The Court held that there had been a violation of Article 8 (right to respect for private and family life) of the Convention in respect of the applicant. It noted in particular that the applicant remained in a state of prolonged uncertainty with regard to her personal identity and that the way in which the proceedings were conducted constituted disproportionate interference with her right to respect for her private life. The Court therefore found that, in the circumstances of the case, the authorities had failed in their positive obligation to secure that right to the applicant.
León Madrid v. Spain 2021 concerned the applicant’s request to reverse the order of the surnames under which her minor daughter (born in 2005) was registered. At the relevant time Spanish law provided that in the event of disagreement between the parents, the child would bear the father’s surname followed by that of the mother. The applicant argued that this regulation was discriminatory.
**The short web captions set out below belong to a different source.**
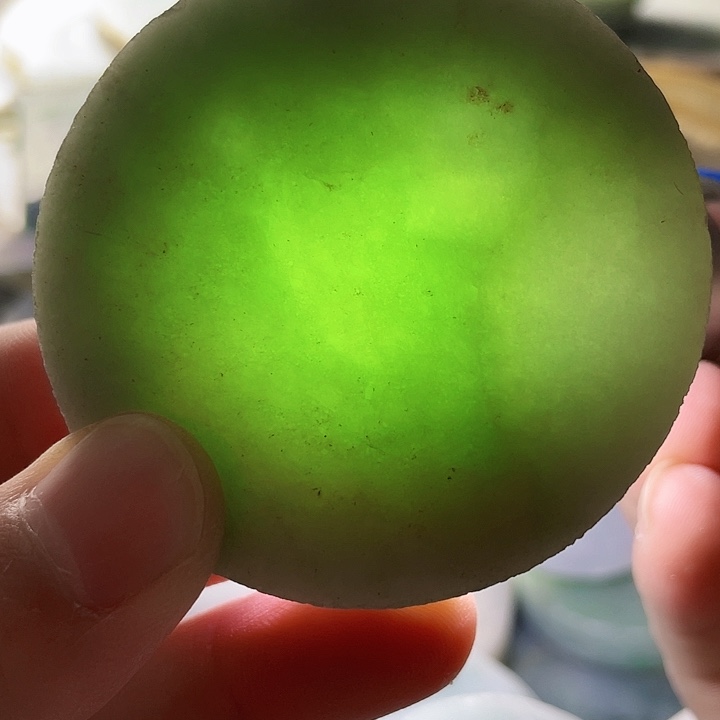 翡翠挂件未镶嵌毛料82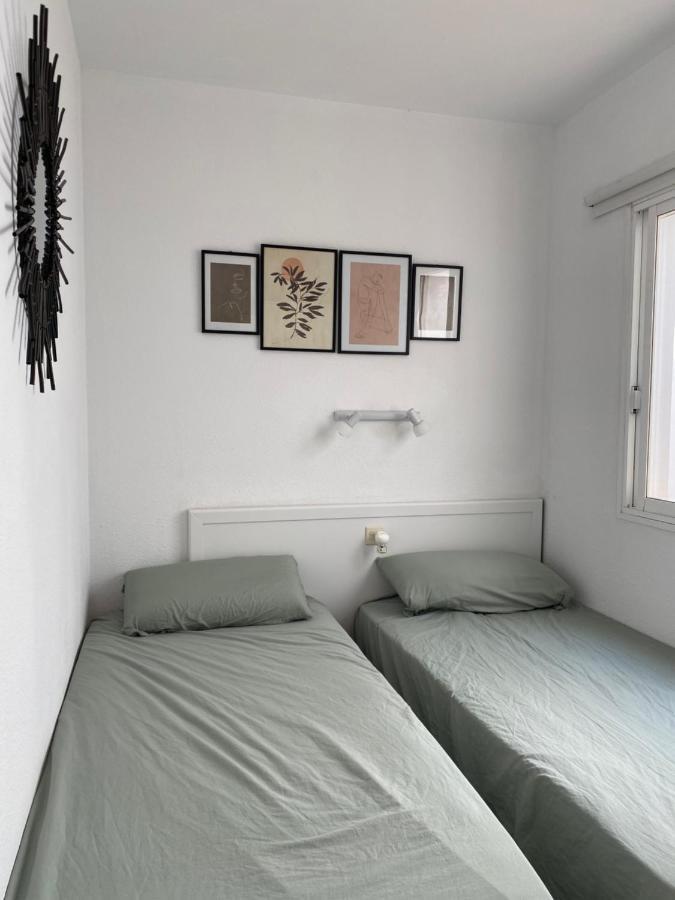 Coves Noves Nice Apartment Of 75 M2 10 Minutes Walk From The Beach Of Arenal D'En Castell Es Mercadal Exterior photo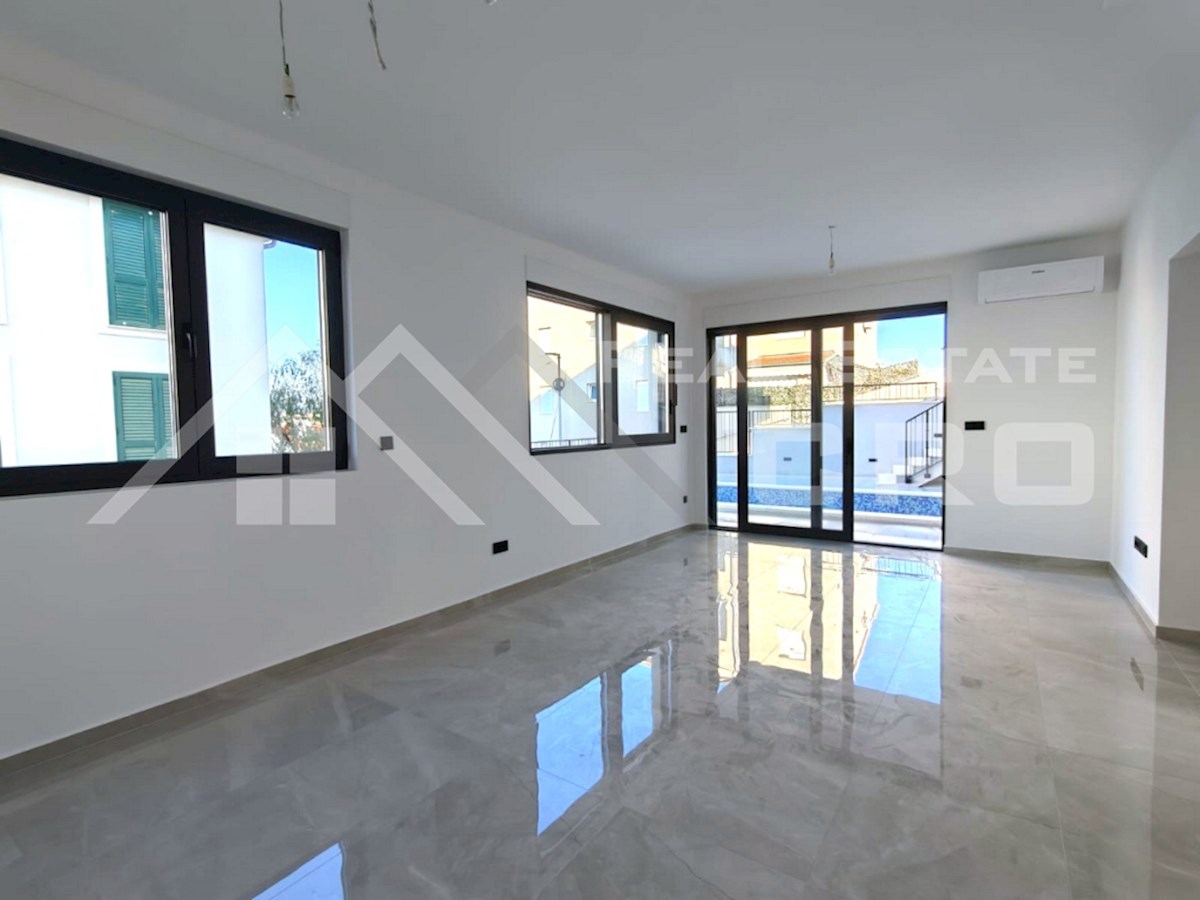 Nepremičnine Čiovo – Vrhunsko opremljeno trisobno stanovanje na atraktivni lokaciji v bližini morja, prodamo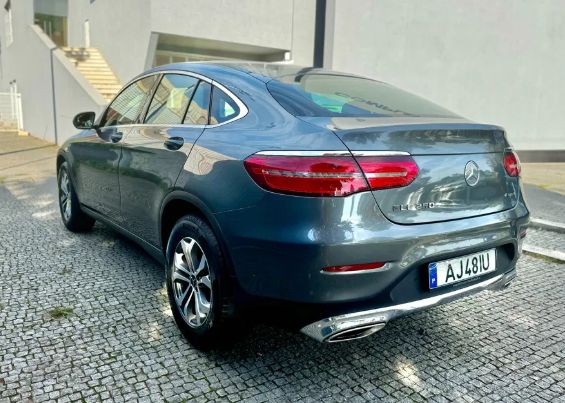 Mercedes-Benz GLC • 2016 • 45,000 km 4
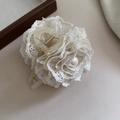 Pinza per capelli con fiore in pizzo bianco e perla su base in resina beige - Molletta Fiore 3D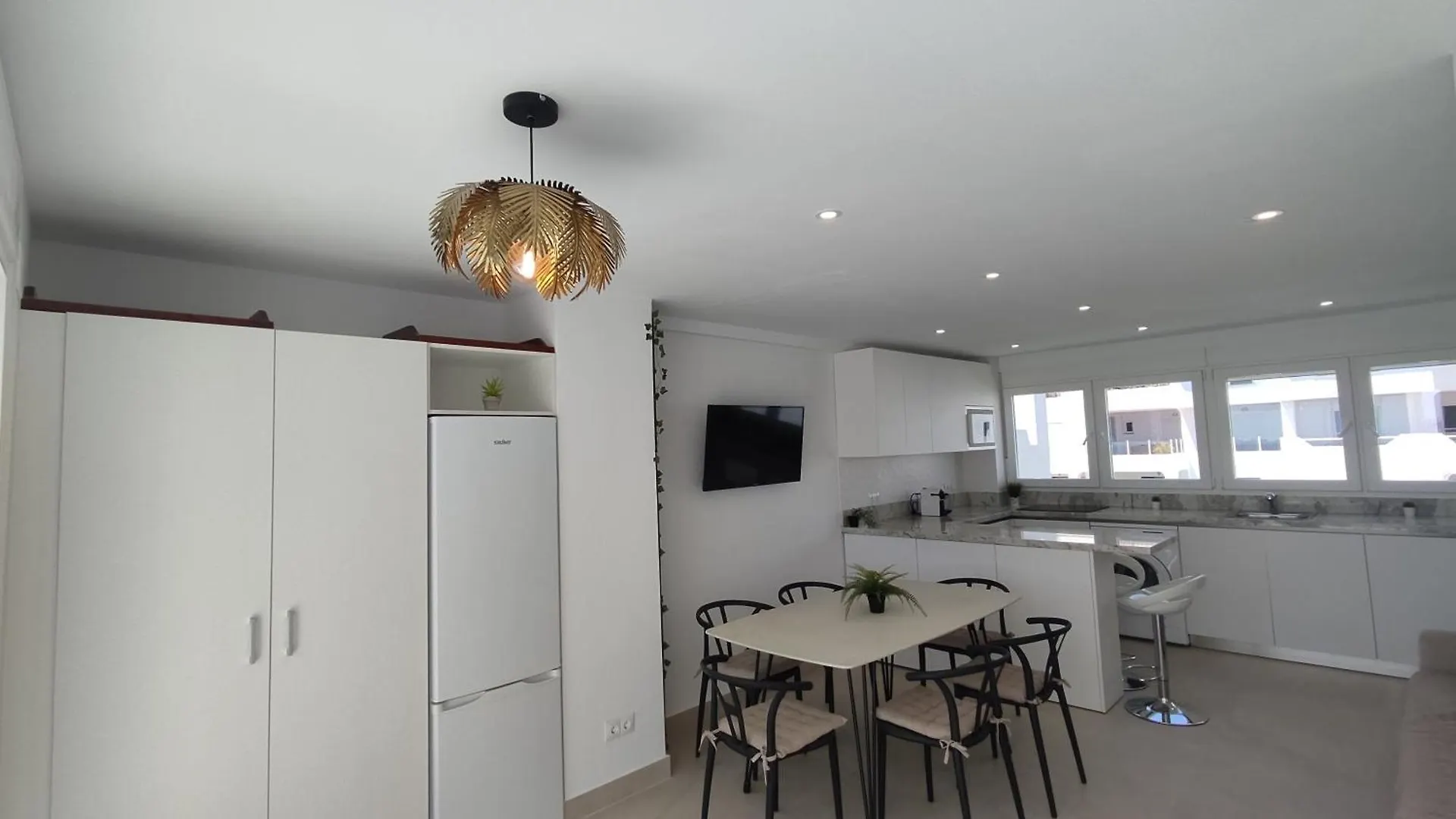 Front Sea View Penthouse Lejlighed Estepona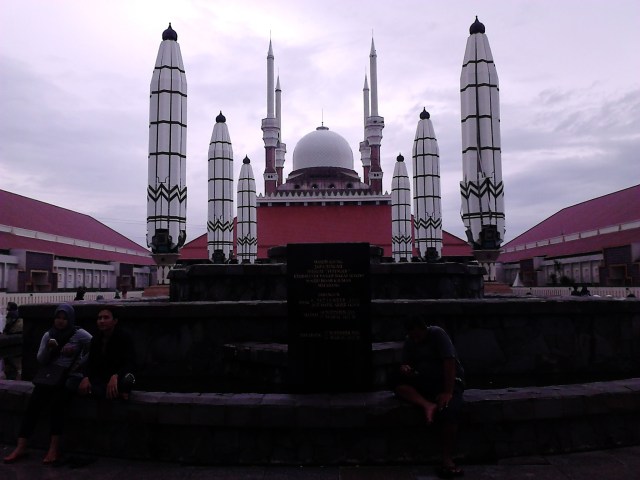 Tampak lebih dekat dengan 6 payung hidroliknya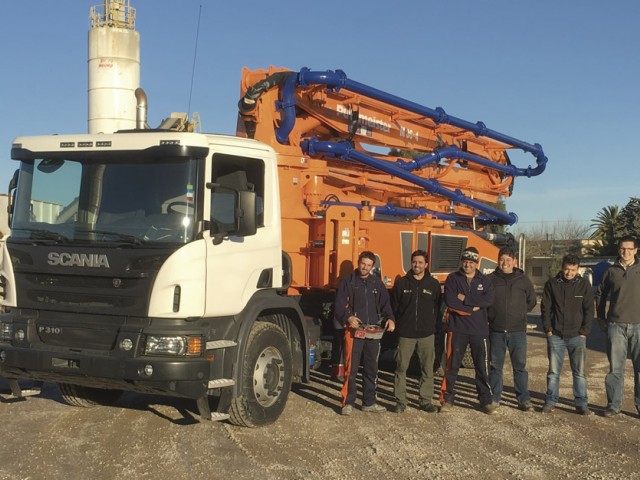 Cielo Azul Hormigón incorpora un Scania P310 con un equipo único en el país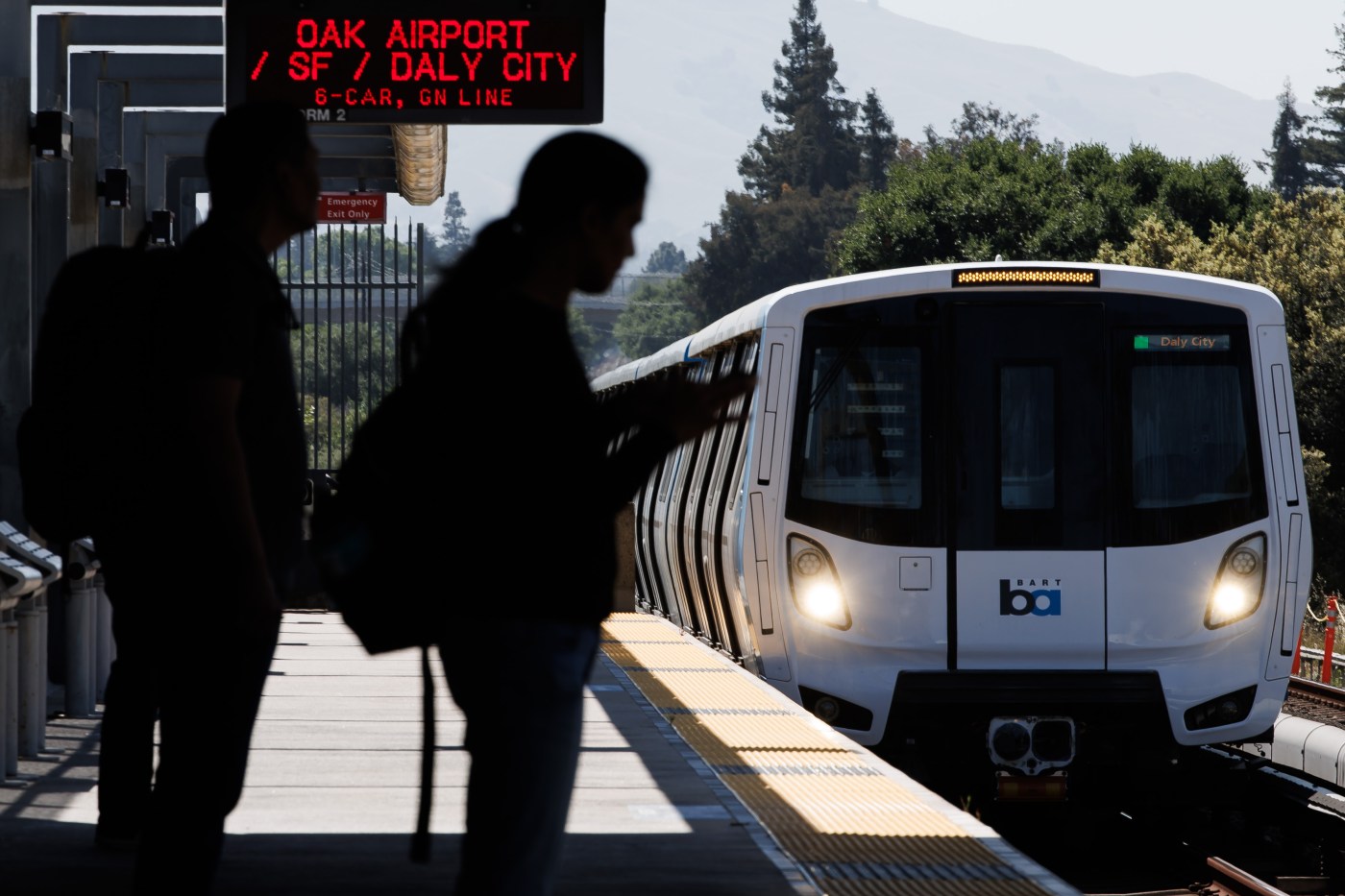 Newsom holding up a $750 million lifeline to Bay Area transit agencies, advocates say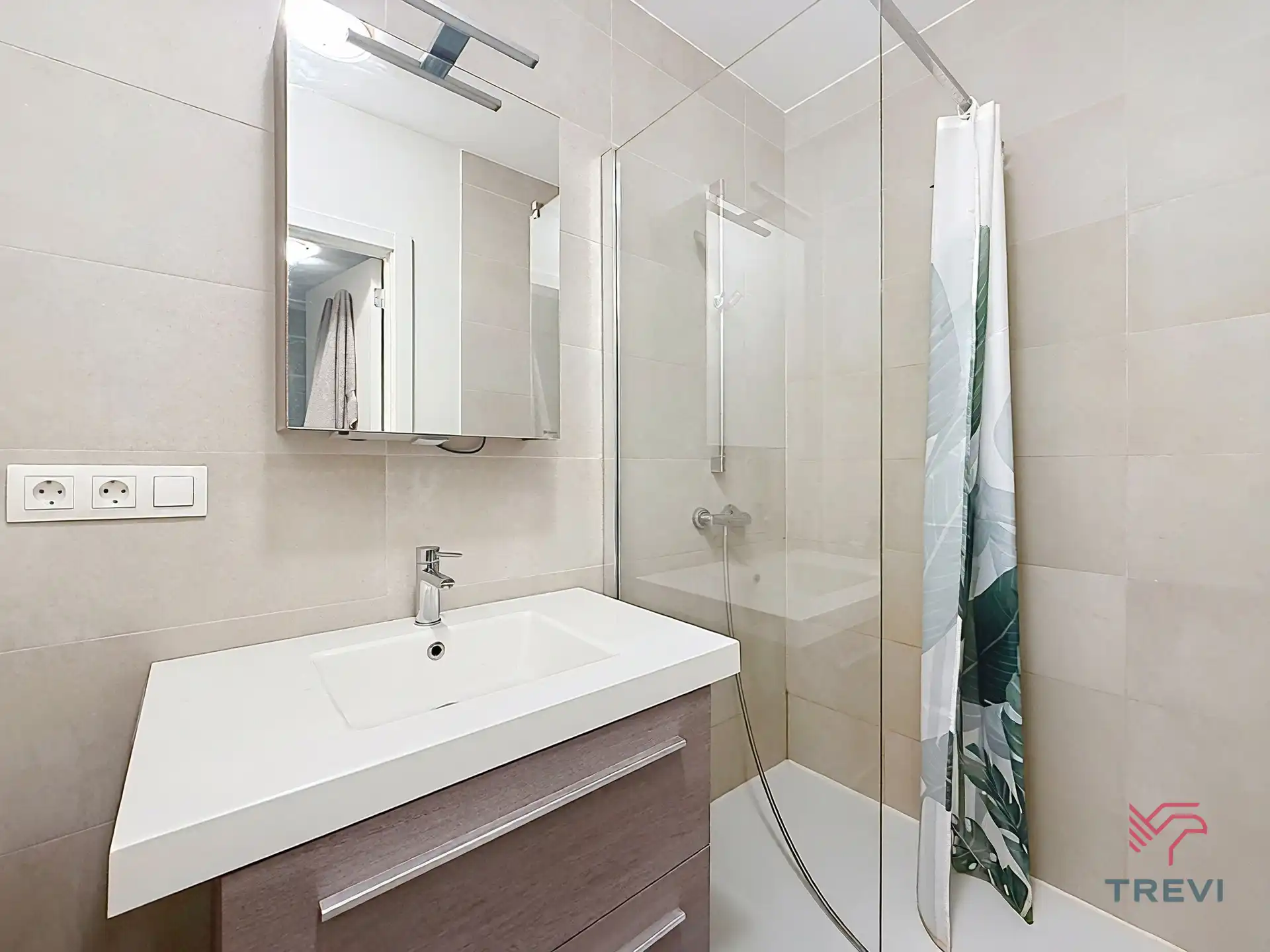 Vlak bij de NAVO, mooi appartement met 1 slaapkamer + P foto 9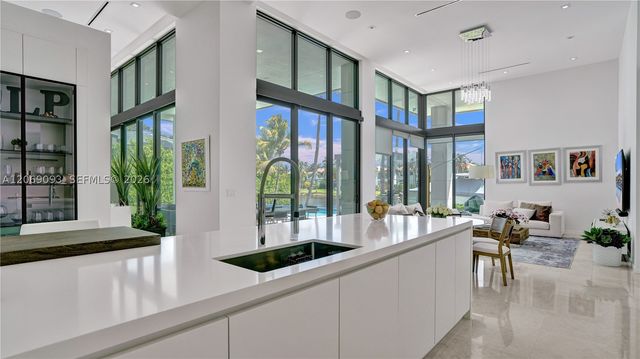 1651 Diplomat Pkwy, Hallandale Beach, FL 33009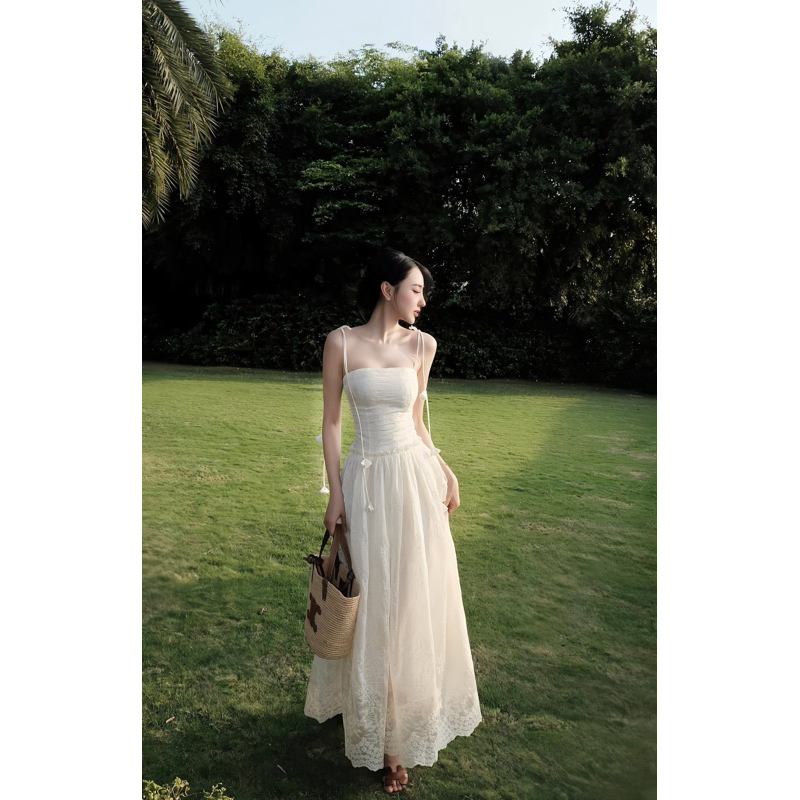 Máy maxi 2 dây thêu hoa dáng dài, đầm maxi voan tơ thêu hoa dáng dài Logastore_L207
The Court held that there had been a violation of Article 14 (prohibition of discrimination) in conjunction with Article 8 (right to respect for private life) of the Convention, finding that the reasons given by the Spanish Government had not been sufficiently objective and reasonable in order to justify the difference in treatment imposed on the applicant. In particular, the automatic nature of the application of the law at the relevant time – which had prevented the domestic courts from taking account of the particular circumstances of the case at hand – could not, in the Court’s view, be validly justified under the Convention.